A verbatim copy is needed of the lines below from the one containing "Purina Friskies All-Star" up to and including the one containing "Kusursuz geometrik folklor", excluding pictures.

[Source data]
:::

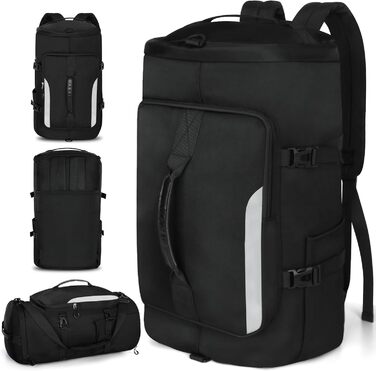 Спортивна сумка JiangLin 45L з відділенням для взуття та мокрих речей, велика дорожня сумка для чоловіків та жінок, рюкзак-валіза для спорту, подорожей, фітнесу, плавання (чорний)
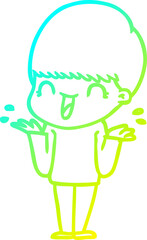 cold gradient line drawing happy cartoon boy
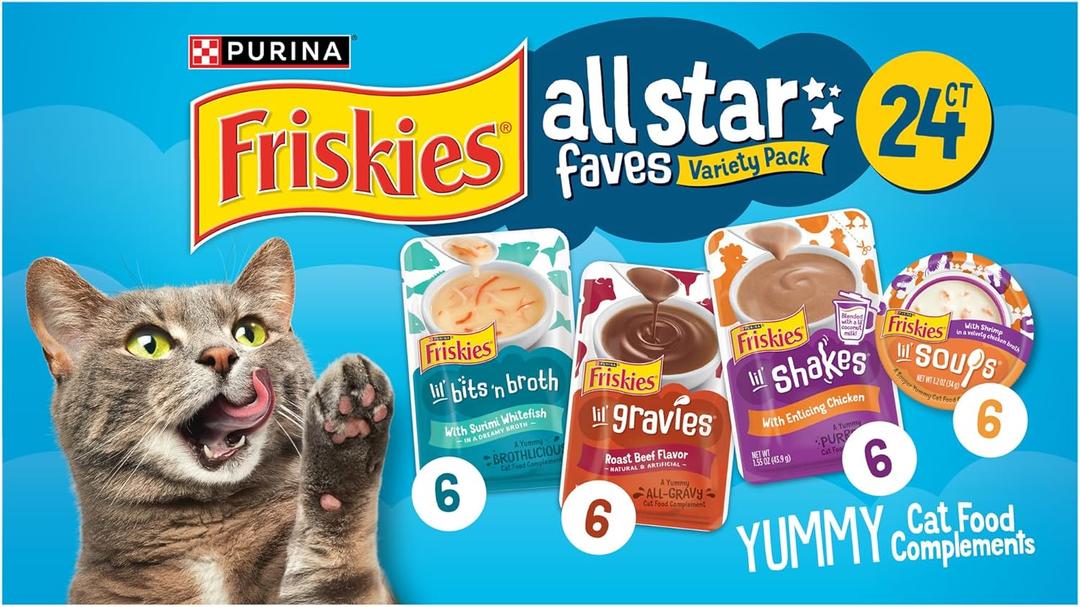 Purina Friskies All-Star Faves Soups, Broth and Gravy Cat Food Complement Wet Cat Food Variety Pack - 24 ct. Box (BB: September 2025)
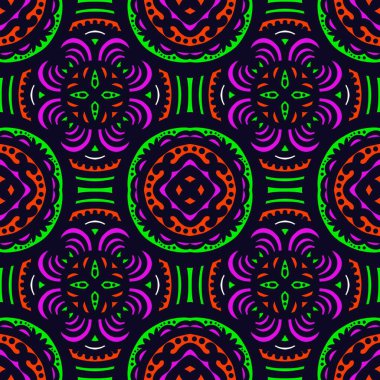 Kusursuz geometrik folklor süsü, kabile etnik dokusu. Aztek tarzında kusursuz çizgili desen, şekil nakış, İskandinav deseni, Ikat deseni.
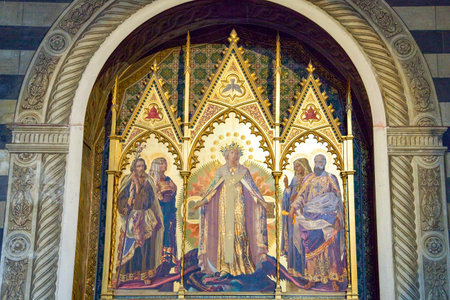 Siena, Italy - June 20, 2009: The   altar piece  by Giuseppe Catani in the inside of the Cathedral's baptisteryのeditorial素材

:::

## Response to this task
 Purina Friskies All-Star Faves Soups, Broth and Gravy Cat Food Complement Wet Cat Food Variety Pack - 24 ct. Box (BB: September 2025)
 Kusursuz geometrik folklor süsü, kabile etnik dokusu. Aztek tarzında kusursuz çizgili desen, şekil nakış, İskandinav deseni, Ikat deseni.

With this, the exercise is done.